I am the goddess…
…of every world I create.
My mentor, screenwriter Gerard Brown III (Juice, Happily Ever After) taught me that, and when I got deeper into music, I understood it differently. I wasn't just making songs, I was building a city. Nocturne City, dark, cinematic, alive at night; a place that could only come from me.
I come from Bushwick, Brooklyn (dark siiiidddeeeee), one of three children raised by three Deaf parents. A CODA (Child of Deaf Adults), I grew up in a house where communication was all in the hands, the body, the eyes, the energy, and the space between words. Silence wasn’t quiet in our home, it loud and full of life. It actually was the first language I ever learned to read.
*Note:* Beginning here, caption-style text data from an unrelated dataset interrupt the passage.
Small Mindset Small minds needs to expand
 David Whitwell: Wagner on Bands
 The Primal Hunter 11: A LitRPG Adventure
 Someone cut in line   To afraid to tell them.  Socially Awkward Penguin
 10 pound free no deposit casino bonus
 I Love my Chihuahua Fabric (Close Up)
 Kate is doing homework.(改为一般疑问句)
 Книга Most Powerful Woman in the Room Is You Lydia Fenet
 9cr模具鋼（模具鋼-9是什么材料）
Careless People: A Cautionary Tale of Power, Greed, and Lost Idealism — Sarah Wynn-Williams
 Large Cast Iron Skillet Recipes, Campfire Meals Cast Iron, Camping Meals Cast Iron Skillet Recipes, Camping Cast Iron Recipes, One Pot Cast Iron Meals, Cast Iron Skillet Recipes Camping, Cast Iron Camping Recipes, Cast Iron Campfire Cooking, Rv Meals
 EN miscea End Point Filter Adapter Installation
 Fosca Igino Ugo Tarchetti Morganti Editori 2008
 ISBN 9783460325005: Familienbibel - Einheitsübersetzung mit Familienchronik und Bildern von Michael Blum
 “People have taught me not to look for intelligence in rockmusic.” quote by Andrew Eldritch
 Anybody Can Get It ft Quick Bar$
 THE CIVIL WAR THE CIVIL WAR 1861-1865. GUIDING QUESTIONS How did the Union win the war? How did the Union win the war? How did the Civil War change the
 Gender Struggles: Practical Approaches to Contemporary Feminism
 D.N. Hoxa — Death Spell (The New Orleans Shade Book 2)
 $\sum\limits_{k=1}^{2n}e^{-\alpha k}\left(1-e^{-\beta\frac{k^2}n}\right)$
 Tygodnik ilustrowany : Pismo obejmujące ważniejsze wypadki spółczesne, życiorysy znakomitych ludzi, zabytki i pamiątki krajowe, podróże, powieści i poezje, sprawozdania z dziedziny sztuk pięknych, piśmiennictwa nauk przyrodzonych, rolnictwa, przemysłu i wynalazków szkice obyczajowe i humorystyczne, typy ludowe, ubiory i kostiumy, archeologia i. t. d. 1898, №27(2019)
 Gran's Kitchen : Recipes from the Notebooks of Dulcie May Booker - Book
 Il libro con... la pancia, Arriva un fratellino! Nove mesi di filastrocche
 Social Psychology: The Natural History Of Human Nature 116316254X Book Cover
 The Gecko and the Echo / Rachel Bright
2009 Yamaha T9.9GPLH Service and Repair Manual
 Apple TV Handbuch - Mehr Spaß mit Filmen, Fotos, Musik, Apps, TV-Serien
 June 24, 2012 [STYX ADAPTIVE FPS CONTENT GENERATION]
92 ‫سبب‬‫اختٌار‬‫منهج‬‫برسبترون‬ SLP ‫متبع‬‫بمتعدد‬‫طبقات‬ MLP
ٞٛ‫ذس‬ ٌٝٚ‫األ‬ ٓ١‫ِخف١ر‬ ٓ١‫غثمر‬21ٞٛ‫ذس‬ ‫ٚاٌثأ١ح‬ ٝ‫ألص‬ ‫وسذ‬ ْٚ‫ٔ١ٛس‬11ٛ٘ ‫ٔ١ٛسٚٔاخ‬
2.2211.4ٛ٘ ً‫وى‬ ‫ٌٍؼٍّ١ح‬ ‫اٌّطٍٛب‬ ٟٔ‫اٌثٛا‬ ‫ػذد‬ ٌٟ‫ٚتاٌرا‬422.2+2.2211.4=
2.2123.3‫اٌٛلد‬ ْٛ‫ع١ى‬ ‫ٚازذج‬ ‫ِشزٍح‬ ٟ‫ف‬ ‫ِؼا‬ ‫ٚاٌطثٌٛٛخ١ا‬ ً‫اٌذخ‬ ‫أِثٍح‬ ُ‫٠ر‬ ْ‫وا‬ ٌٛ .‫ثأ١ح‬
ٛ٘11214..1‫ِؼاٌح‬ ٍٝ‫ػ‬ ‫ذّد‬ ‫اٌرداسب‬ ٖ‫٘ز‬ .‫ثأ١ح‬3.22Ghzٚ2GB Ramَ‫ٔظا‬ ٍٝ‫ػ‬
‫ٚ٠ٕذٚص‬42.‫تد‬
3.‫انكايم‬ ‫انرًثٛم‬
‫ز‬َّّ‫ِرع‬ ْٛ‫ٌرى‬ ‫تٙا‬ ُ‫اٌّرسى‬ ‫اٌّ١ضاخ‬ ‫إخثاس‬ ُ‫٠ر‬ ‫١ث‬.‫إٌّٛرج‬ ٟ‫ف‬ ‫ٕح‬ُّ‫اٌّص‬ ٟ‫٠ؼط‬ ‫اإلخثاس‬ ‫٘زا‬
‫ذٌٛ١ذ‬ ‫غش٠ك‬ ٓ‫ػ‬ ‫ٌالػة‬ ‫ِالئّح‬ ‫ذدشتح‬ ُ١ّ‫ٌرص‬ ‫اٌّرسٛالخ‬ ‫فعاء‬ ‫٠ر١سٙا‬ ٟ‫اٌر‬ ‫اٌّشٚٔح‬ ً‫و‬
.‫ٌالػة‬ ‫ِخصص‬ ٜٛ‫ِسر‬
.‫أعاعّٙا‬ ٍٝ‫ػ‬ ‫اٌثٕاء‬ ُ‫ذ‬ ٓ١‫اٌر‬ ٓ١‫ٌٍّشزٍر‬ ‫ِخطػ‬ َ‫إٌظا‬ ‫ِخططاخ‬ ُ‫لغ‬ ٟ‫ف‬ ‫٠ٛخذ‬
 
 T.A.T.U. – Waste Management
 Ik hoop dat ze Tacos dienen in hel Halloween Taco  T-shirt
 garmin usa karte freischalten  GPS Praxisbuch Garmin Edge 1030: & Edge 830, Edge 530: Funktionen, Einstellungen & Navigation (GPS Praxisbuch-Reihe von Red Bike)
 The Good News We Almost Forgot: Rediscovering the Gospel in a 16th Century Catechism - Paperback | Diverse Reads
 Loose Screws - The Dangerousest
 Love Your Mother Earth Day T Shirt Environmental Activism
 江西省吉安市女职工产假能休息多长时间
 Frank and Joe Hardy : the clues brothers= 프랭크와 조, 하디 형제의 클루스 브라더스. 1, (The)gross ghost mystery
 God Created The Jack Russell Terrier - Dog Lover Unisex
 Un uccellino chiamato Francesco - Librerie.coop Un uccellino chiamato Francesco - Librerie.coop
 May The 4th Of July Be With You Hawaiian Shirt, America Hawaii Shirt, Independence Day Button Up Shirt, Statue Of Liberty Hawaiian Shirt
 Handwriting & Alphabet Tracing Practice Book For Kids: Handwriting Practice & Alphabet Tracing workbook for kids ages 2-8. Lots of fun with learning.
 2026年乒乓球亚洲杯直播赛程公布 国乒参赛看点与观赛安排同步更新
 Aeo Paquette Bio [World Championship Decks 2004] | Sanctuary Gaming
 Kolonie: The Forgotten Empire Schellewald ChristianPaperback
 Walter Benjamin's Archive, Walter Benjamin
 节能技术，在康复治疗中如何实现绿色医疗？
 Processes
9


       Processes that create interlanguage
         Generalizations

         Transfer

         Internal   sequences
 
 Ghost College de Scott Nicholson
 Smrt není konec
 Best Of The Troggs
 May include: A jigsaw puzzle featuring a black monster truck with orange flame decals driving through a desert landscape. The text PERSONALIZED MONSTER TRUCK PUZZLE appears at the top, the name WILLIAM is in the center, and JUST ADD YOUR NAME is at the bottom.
I believe we come in threes, it's embedded in our DNA. The Holy Trinity. The three pyramids. Time, space, and matter. Heart, mind, and soul. The foundational structure of every story ever told — three acts. As one who doesn’t believe in coincidences, that’s quite telling, it’s divine. Three is the crux of everything that lasts so when I began to learn myself as an artist...as a person, I didn't find one version of me. There were...you guessed it, three. The Whimsical One who offers grace, the Unapologetic One who speaks boldly, and the Spiritual One who leads. These are the three most prominent dimensions of who I am. The subversions? We can talk about those another day.
I came to music through grief. In 2019, I lost my step pops. One of those three Deaf parents who shaped everything I understand about story, feeling, and what it means to truly be heard. For years, I fell into the same hole of isolation around the time he exchanged his feet for wings, then one day, sound broke through and pulled me back to life. I felt like I owed it something back. Then in January, I almost stopped. I lost my cousin/sister. I didn't want to keep going. But her last words before she grew her halo was, “You are the only thing that is in your way. If you don't do what you need to do in 2026, I'm not going to encourage you anymore.” Those words echoe in the grief. The silence. The doubt. When I’m Still. So I refuel and keep on trucking. For her. For me. For my purpose.
I have to confront myself. Activate myself. Defeat myself. That's the only way to get to the next level. I AM Bowser.
I can't fully shake my theater and film background and I've stopped trying to. That art is me. I just use those tools now to sharpen something I newly discovered I could do. My bars are cinematic because I am cinematic and my world has texture because I was trained to build worlds. My mission has always been the same whether I'm writing scripts or rapping: I want to create works that can be universally enjoyed. That offer an escape even just for a moment from everything holding us down. There is enough to be stressed about. I want to give people somewhere to go and something they can return to, revisit, and feel something new every single time.
Nocturne City is that place. Welcome.